• [EXERCISE OBJECTIVE]:
Word for word, repeat the entries, minus the pictures.

• [RECORDS FOR THIS TASK]:
######

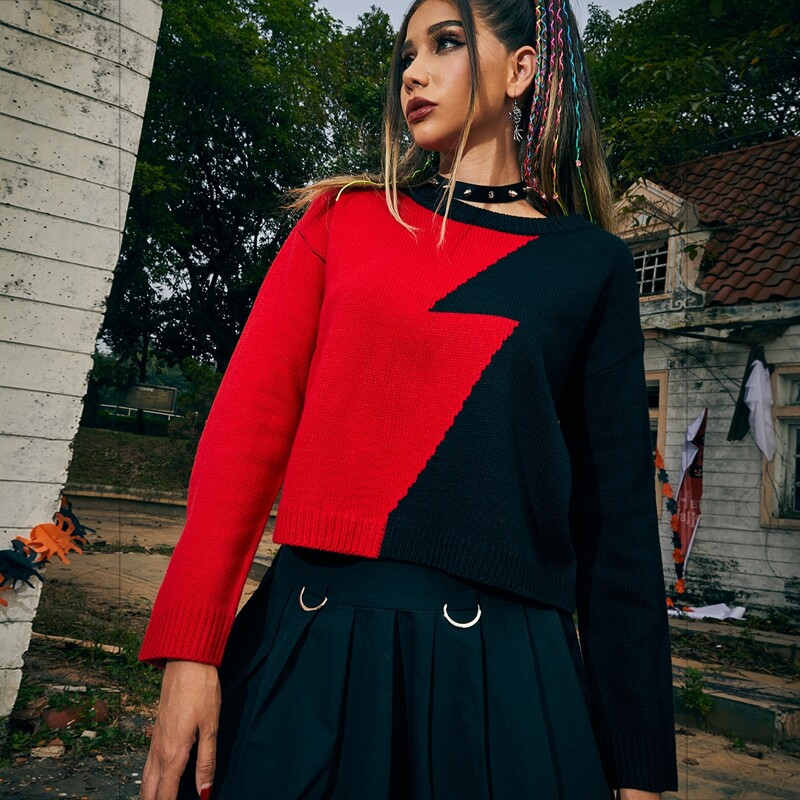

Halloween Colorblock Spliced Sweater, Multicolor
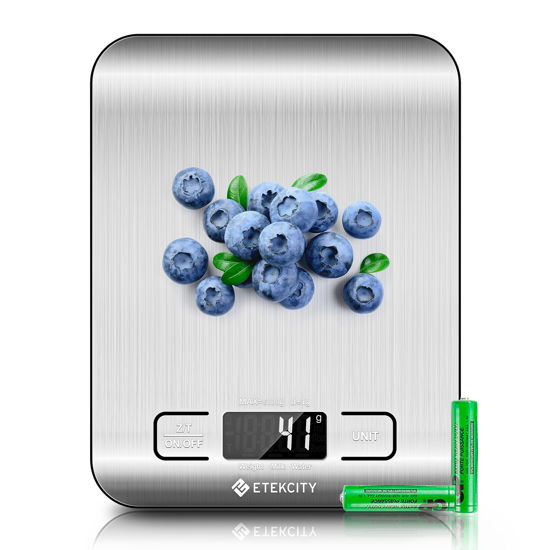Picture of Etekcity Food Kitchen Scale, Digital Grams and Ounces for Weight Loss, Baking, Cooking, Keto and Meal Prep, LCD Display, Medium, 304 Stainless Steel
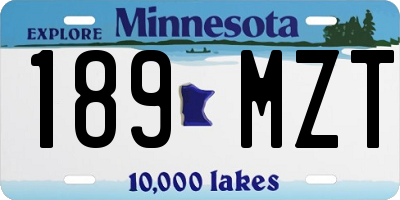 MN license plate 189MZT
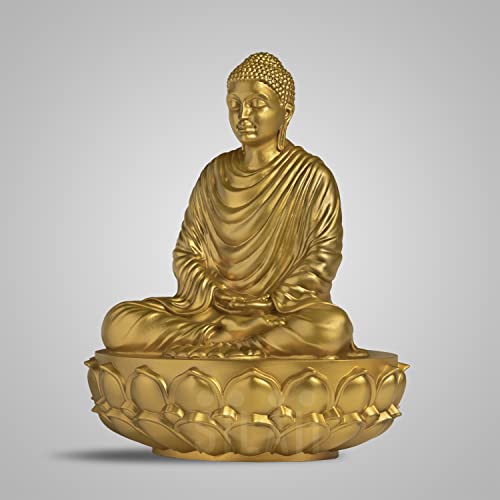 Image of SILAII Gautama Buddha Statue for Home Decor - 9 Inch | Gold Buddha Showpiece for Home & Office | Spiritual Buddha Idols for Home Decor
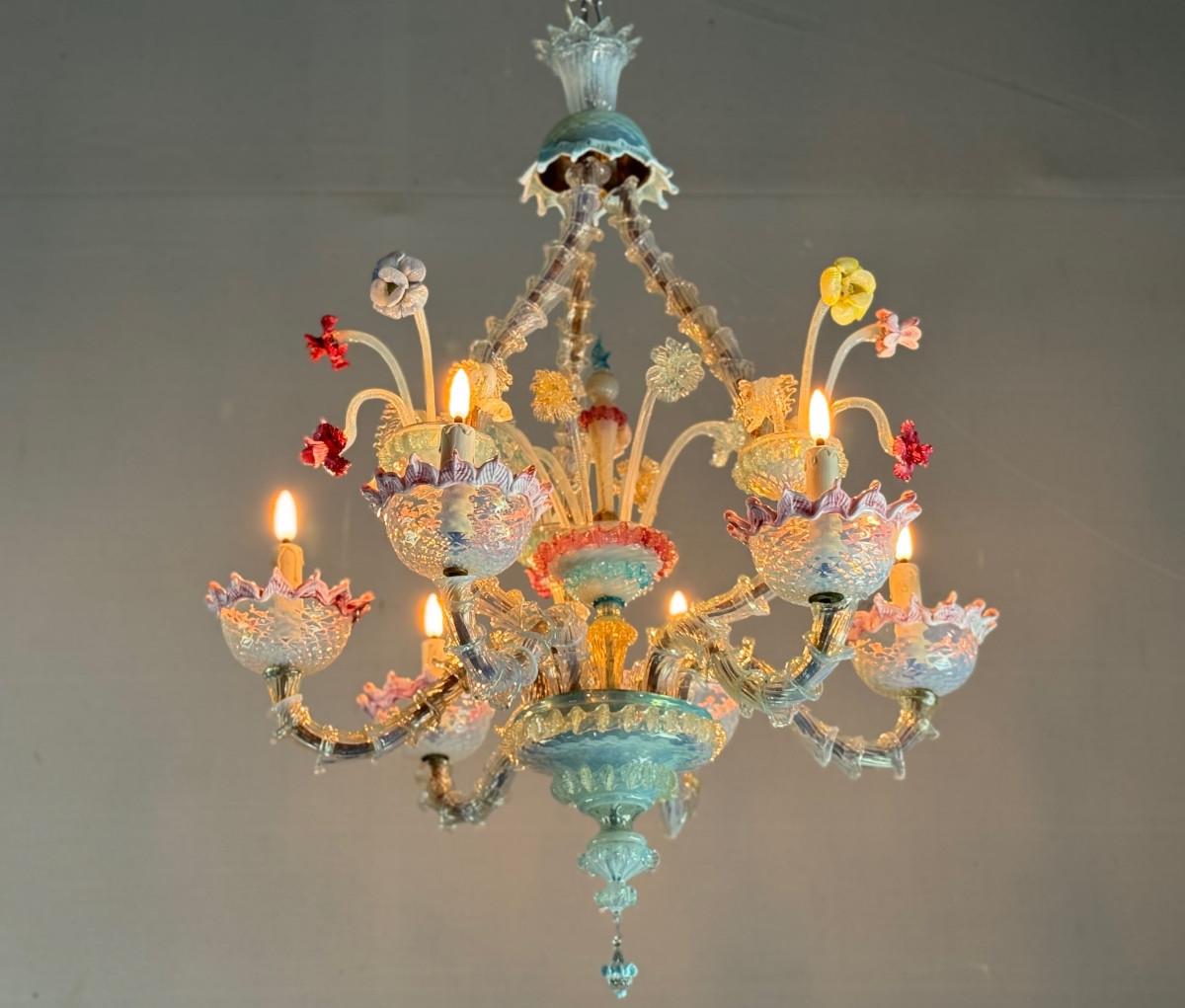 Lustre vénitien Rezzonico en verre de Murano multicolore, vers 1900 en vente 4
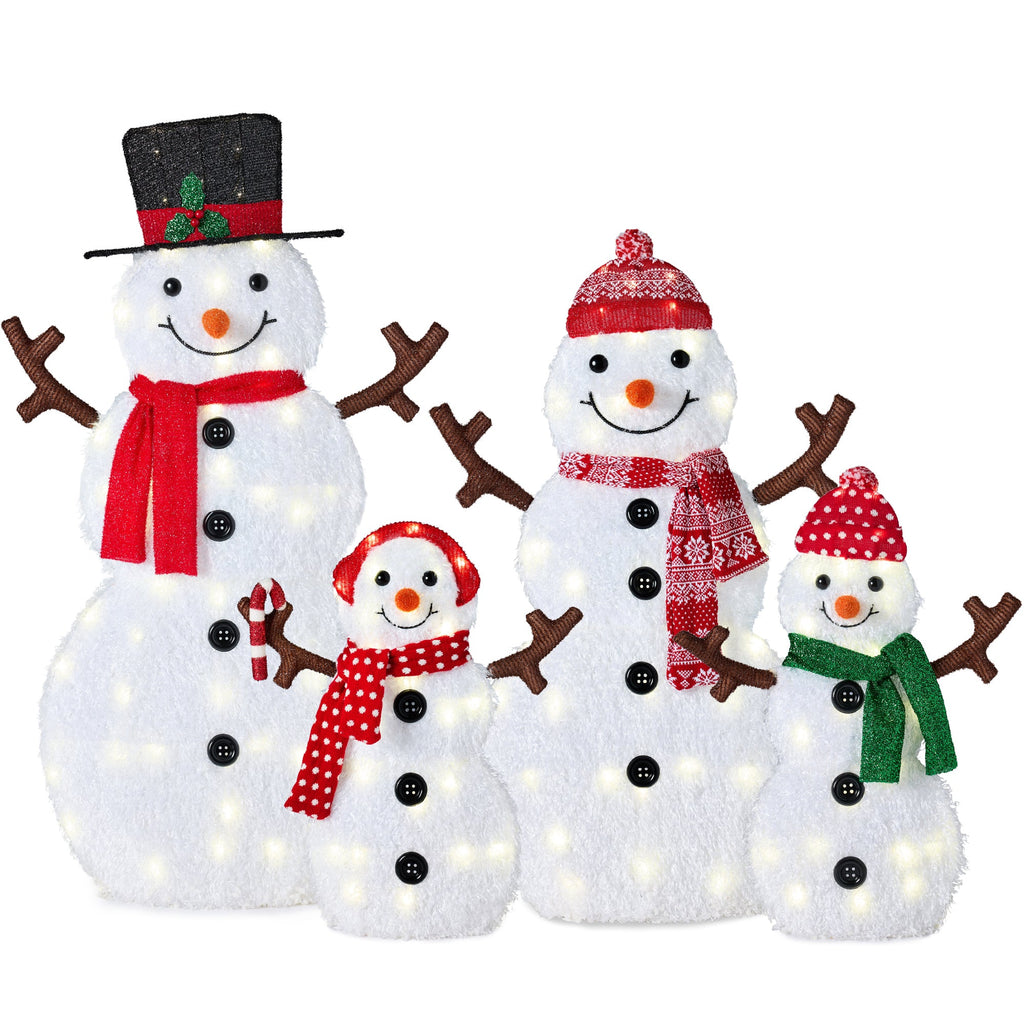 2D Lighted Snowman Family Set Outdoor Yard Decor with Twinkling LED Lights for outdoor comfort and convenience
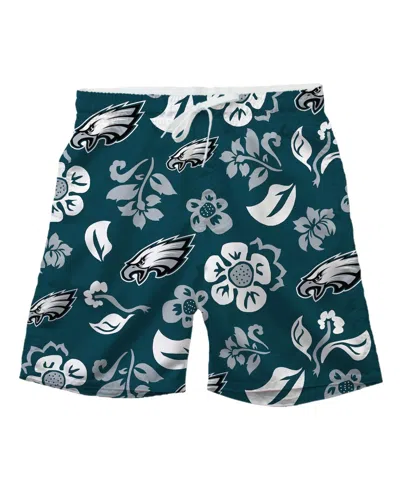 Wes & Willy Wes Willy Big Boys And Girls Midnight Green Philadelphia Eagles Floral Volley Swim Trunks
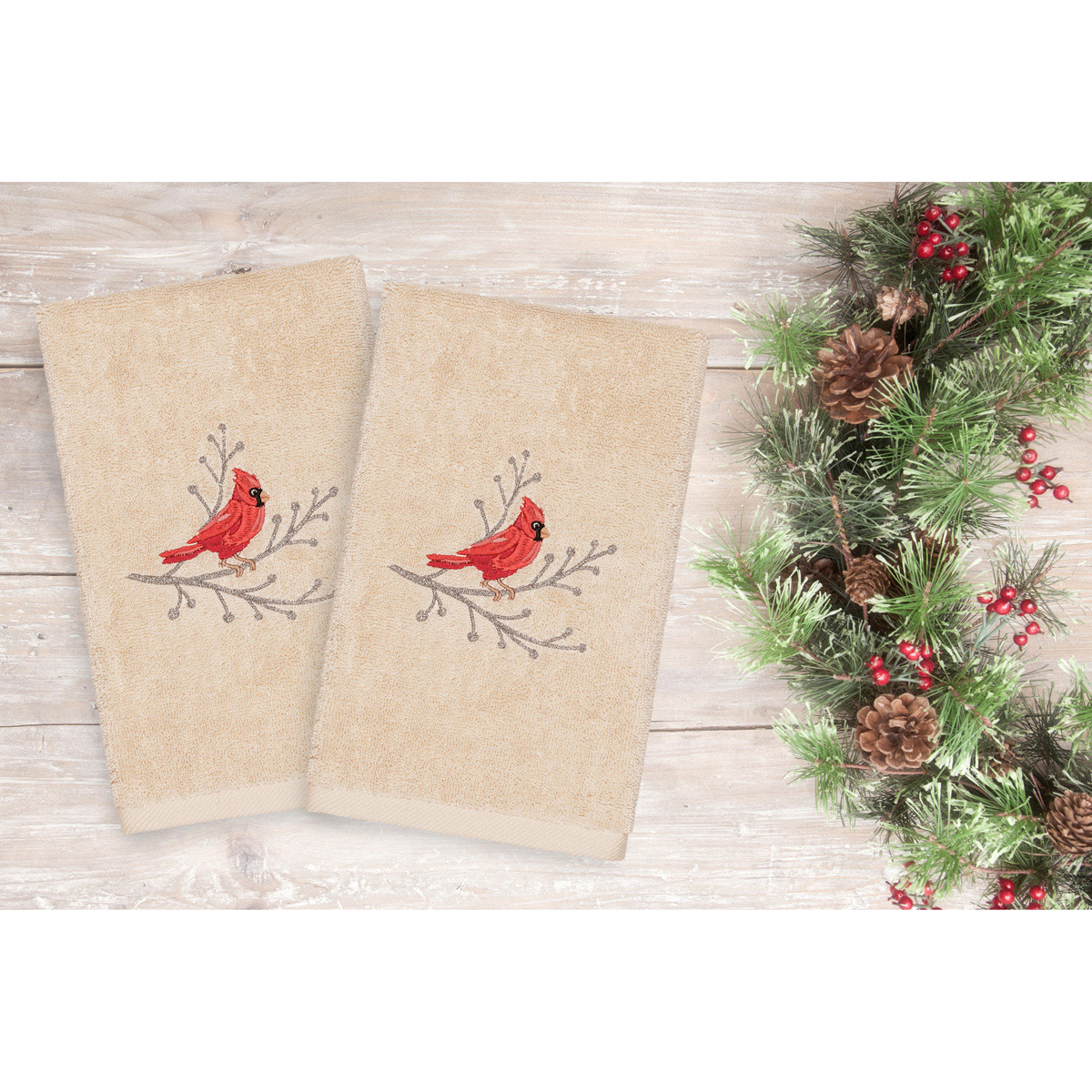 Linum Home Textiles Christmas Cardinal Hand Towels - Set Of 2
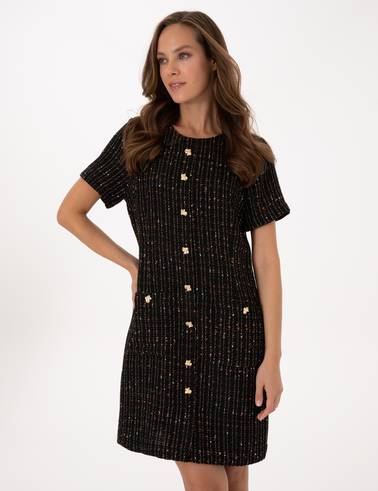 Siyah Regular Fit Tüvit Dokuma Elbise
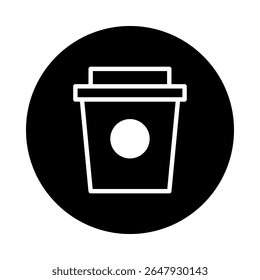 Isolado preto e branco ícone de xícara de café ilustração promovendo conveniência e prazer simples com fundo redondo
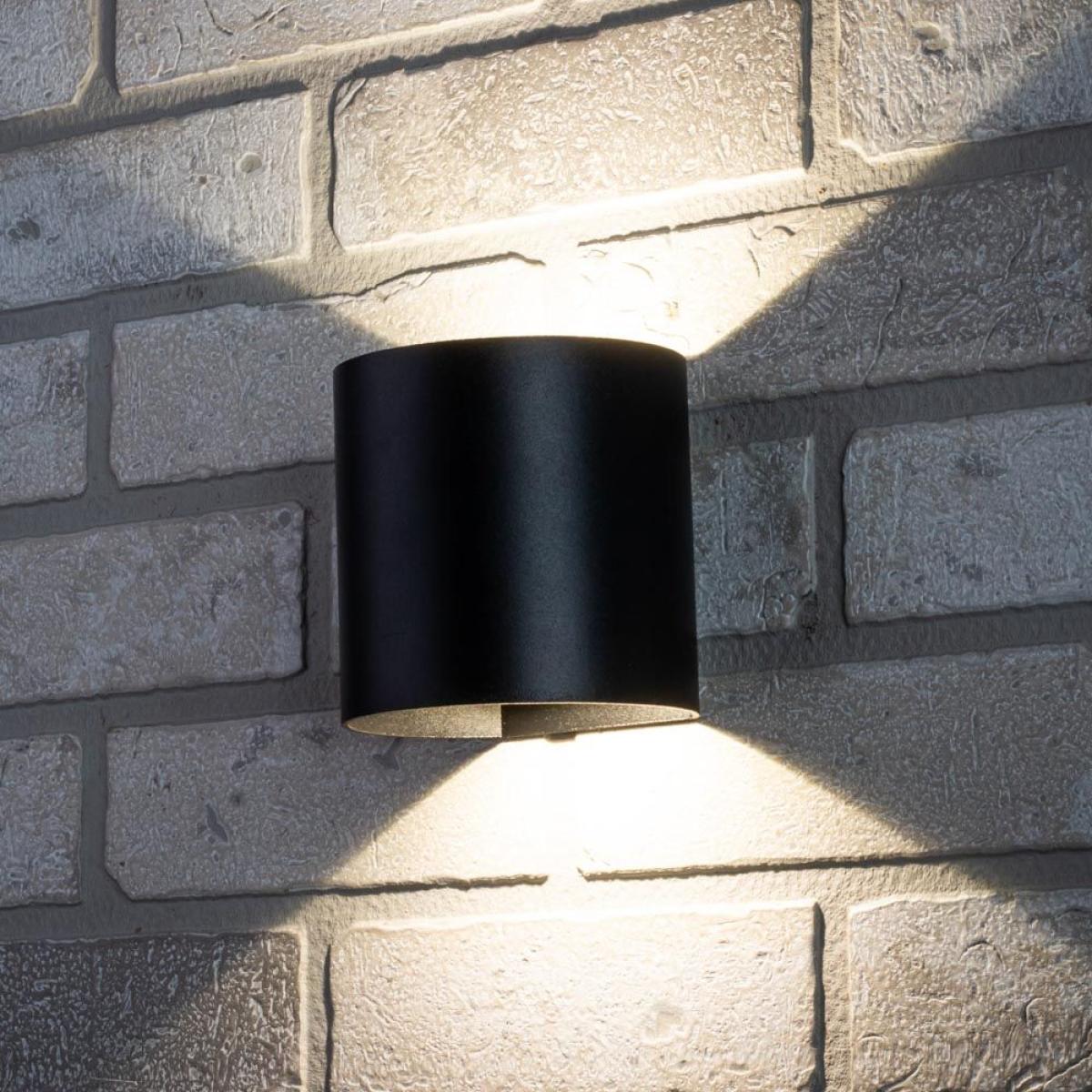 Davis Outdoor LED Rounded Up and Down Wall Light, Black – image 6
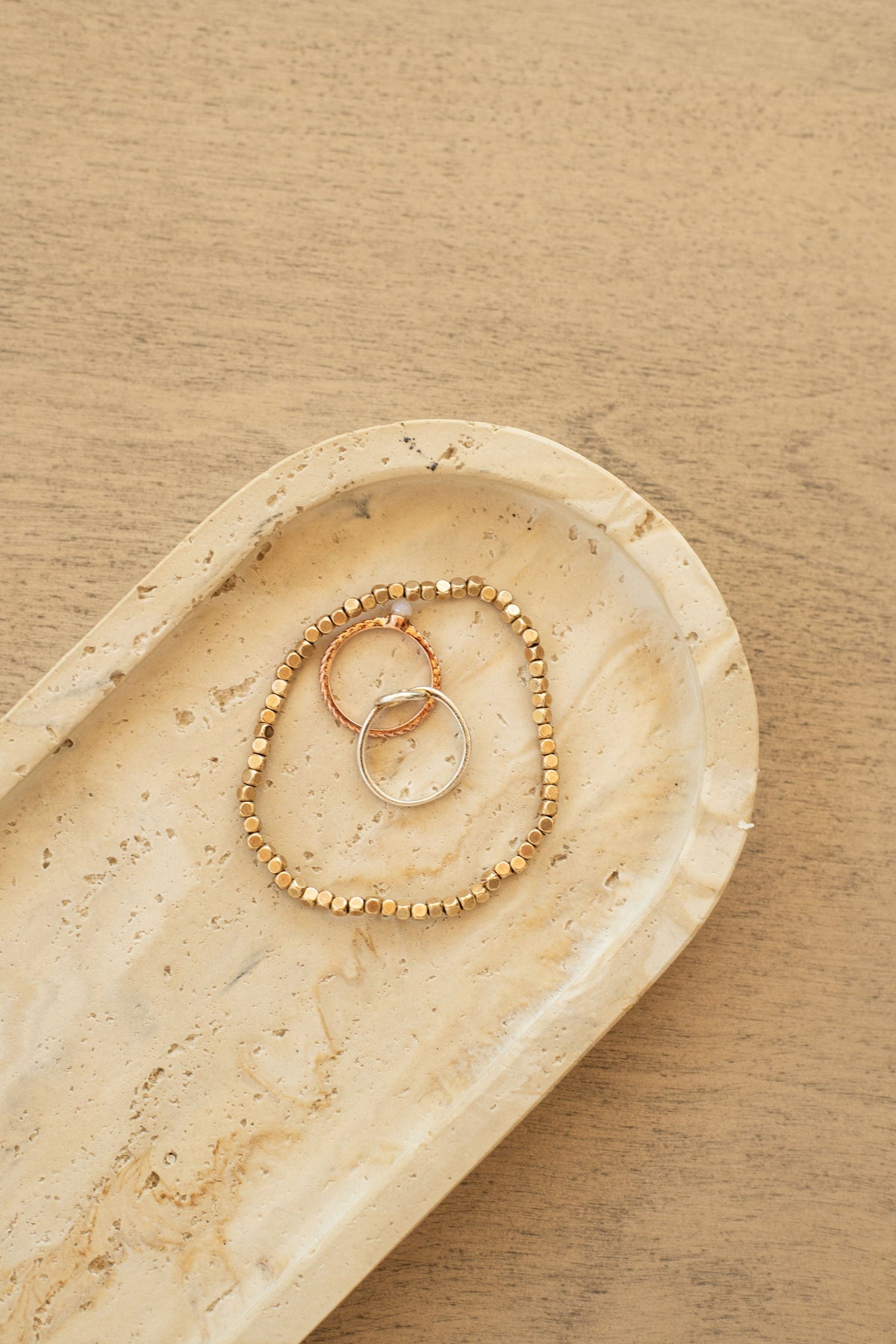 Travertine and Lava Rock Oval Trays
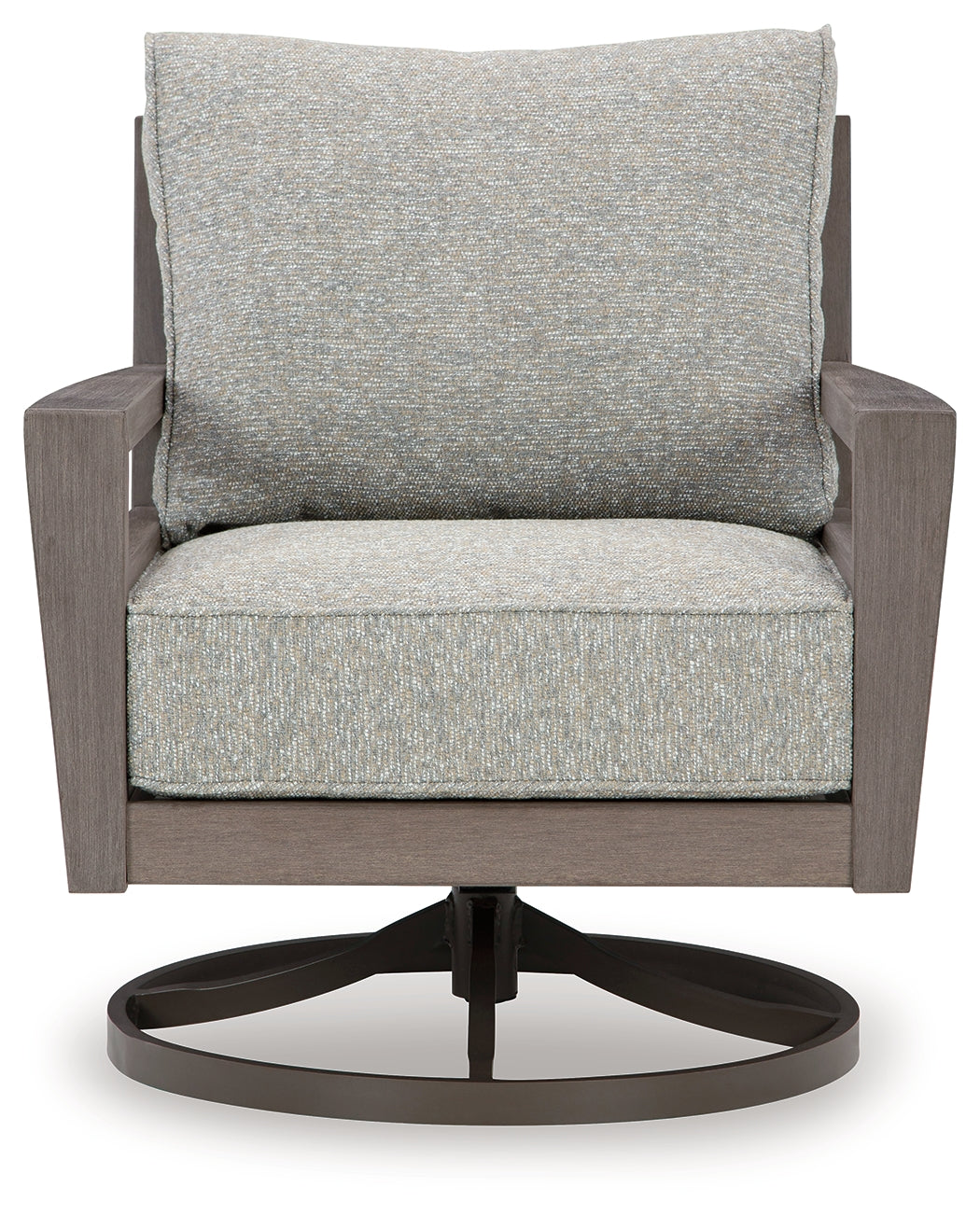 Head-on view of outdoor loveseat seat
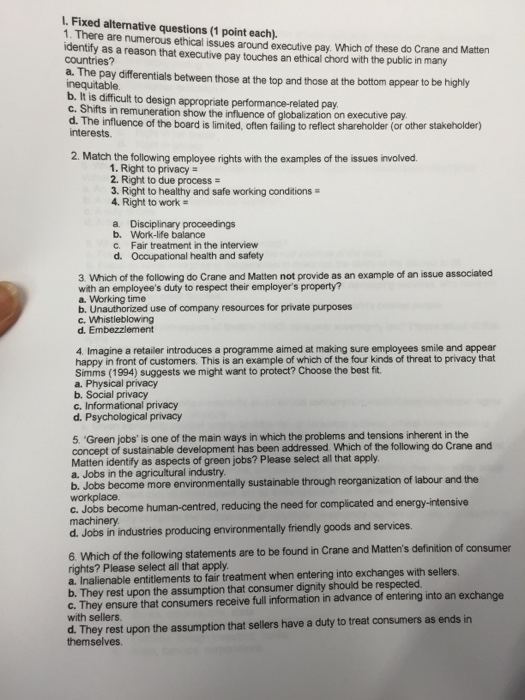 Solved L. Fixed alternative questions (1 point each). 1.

######

• [YOUR RESPONSE]:
Halloween Colorblock Spliced Sweater, Multicolor
Picture of Etekcity Food Kitchen Scale, Digital Grams and Ounces for Weight Loss, Baking, Cooking, Keto and Meal Prep, LCD Display, Medium, 304 Stainless Steel
 MN license plate 189MZT
 Image of SILAII Gautama Buddha Statue for Home Decor - 9 Inch | Gold Buddha Showpiece for Home & Office | Spiritual Buddha Idols for Home Decor
 Lustre vénitien Rezzonico en verre de Murano multicolore, vers 1900 en vente 4
 2D Lighted Snowman Family Set Outdoor Yard Decor with Twinkling LED Lights for outdoor comfort and convenience
 Wes & Willy Wes Willy Big Boys And Girls Midnight Green Philadelphia Eagles Floral Volley Swim Trunks
 Linum Home Textiles Christmas Cardinal Hand Towels - Set Of 2
 Siyah Regular Fit Tüvit Dokuma Elbise
 Isolado preto e branco ícone de xícara de café ilustração promovendo conveniência e prazer simples com fundo redondo
 Davis Outdoor LED Rounded Up and Down Wall Light, Black – image 6
 Travertine and Lava Rock Oval Trays
 Head-on view of outdoor loveseat seat
 Solved L. Fixed alternative questions (1 point each). 1.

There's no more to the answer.